On 12th Nov 2022, I was at js.talks(). Radoslav Stankov from Product Hunt gave a talk about being an effective JS Dev. One of his examples was with some of his fellow developers that had a special relationship with unit tests.
They were reading a lot about unit testing and were very interested in the topic, but are still afraid of writing any tests in their projects.
This story got me thinking about how common it is for experienced developers to self-sabotage themselves by the perfectionist within.
We tend to put the highest quality standard for ourselves, and the code we wrote two days ago is not good enough. Or we avoid starting something new because we’ll suck at it.
When it seems that we’ll be better off if we could become just a bit sloppier and a bit more tolerant of our mistakes and pitfalls.
A few hours after the mentioned conference, I saw a tweet by Dan Abramov on how invaluable he finds aspiring developers with great attention to detail. And how these are the people one is willing to delegate to because they will always assure that the job is done well before delivering it to you or the client.

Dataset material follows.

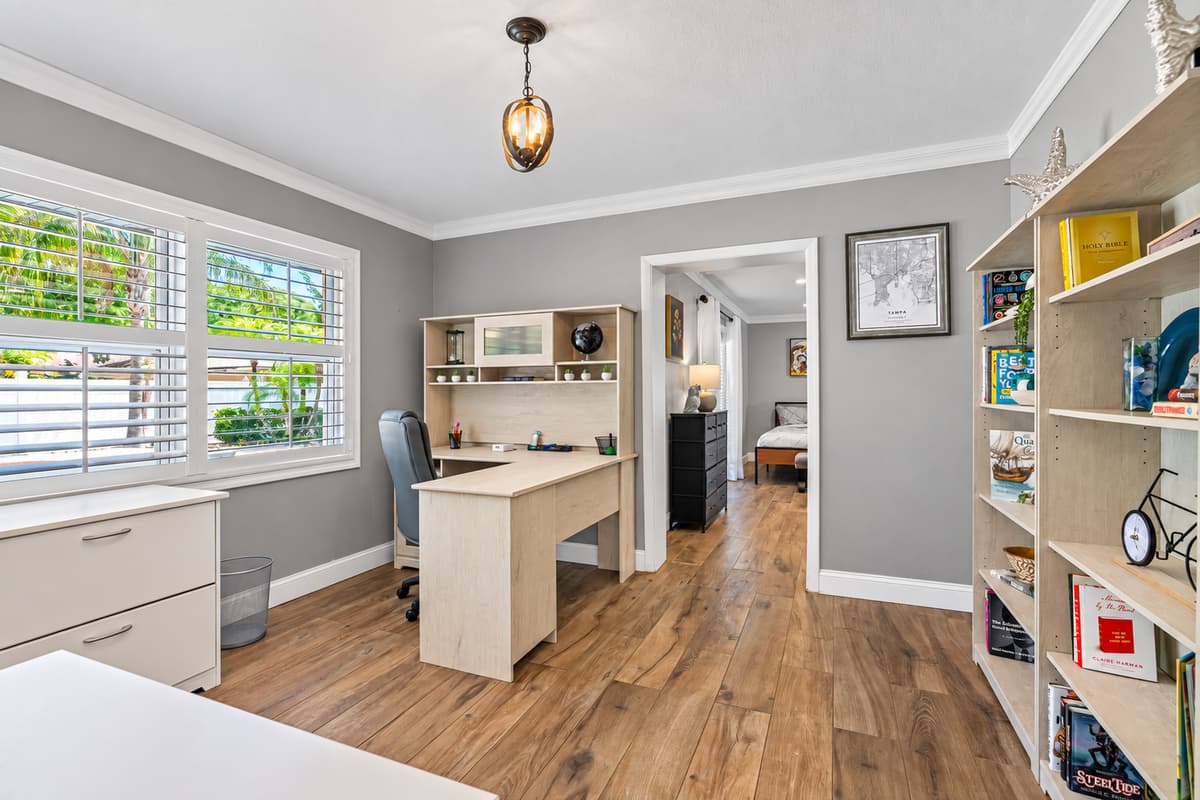 Our space is designed to provide you with the perfect balance of comfort and productivity, so you can work smarter, not harder.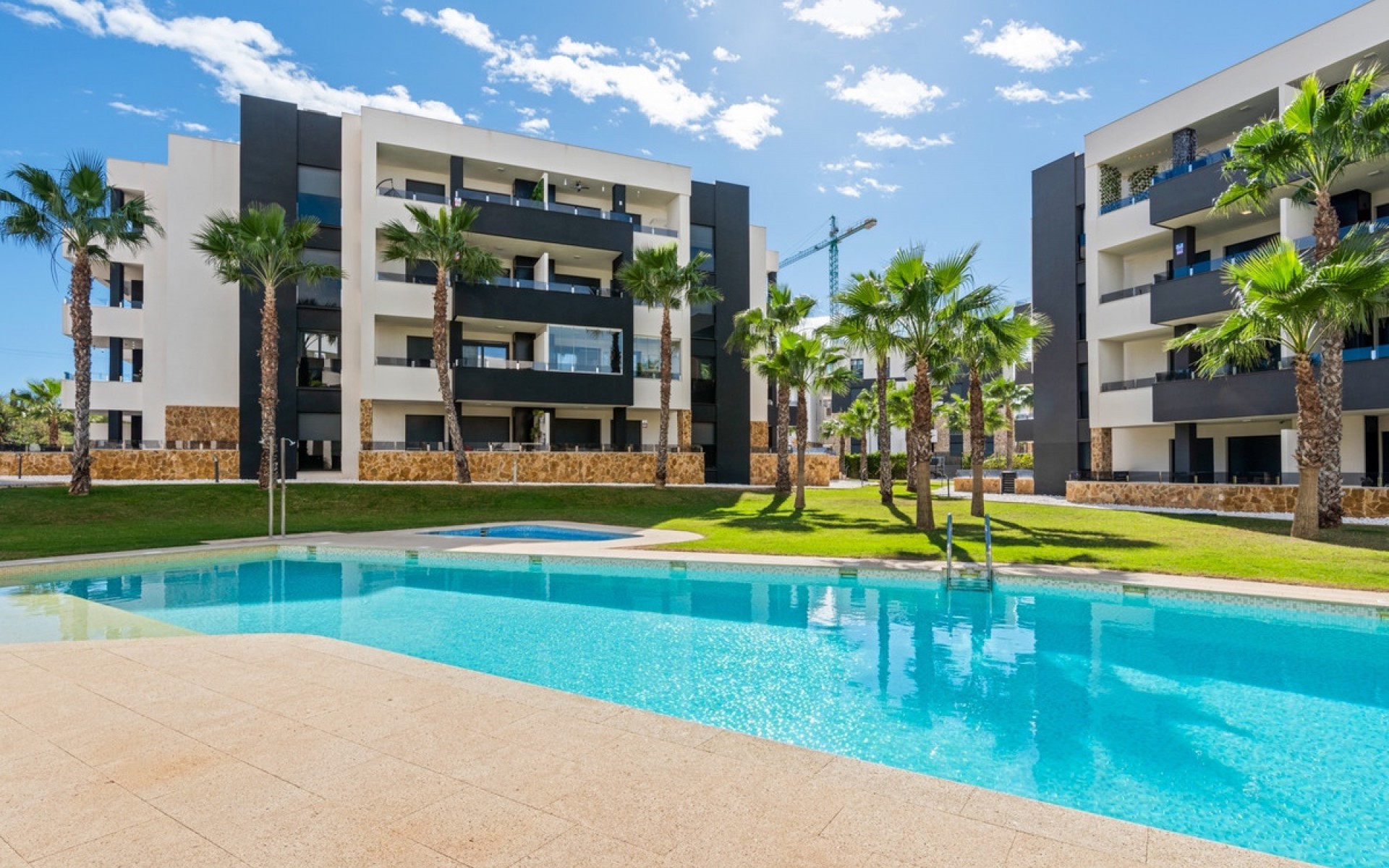 zum Verkauf - Apartment - Los Altos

Expanding, it seems that being a perfectionist is the one thing that got us here in the first place. This is the drive to get better at the thing you try.
I think the ideal curve one would follow will look something like this:

A junior dev does not yet know how many things one needs to master in order to deliver stable software.
As we gain experience, we learn how big the ocean of tech ideas is – OOP, FP, Frameworks, CSS, tailwind, CI/CD, Containers, Kubernetes, CAP, microservices, and many more.
The more experienced we get, the more we need to control our strive for perfection. If not, we’ll never deliver anything or anything on time, we’ll never delegate, and we’d never try new things.
My advice for you is to start as a perfectionist in the new areas, but as you spend more years, try to loosen up a bit.
Being a perfectionist is crucial when starting. Sticking to this strategy forever will do you more harm as you become more experienced.